Find the line with "Tarpon Fishing in Carolina, Puerto Rico" in the records below. Copy it and every line after it, up to and including the line with "batman-ps4, 1 speler, Ophalen, Zo".

** Opening EXERCISE INPUTS block **

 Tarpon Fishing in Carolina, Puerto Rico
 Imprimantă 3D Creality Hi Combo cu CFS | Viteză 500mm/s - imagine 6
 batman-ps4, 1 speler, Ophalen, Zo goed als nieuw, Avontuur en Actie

** Closing EXERCISE INPUTS block **
** Opening EXERCISE INPUTS block **

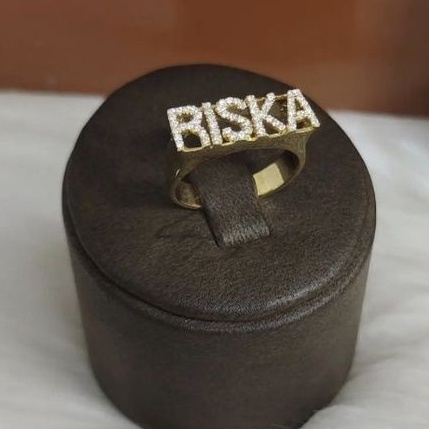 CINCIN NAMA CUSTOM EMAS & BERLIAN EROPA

** Closing EXERCISE INPUTS block **

[FINAL ANSWER]:
 Tarpon Fishing in Carolina, Puerto Rico
 Imprimantă 3D Creality Hi Combo cu CFS | Viteză 500mm/s - imagine 6
 batman-ps4, 1 speler, Ophalen, Zo goed als nieuw, Avontuur en Actie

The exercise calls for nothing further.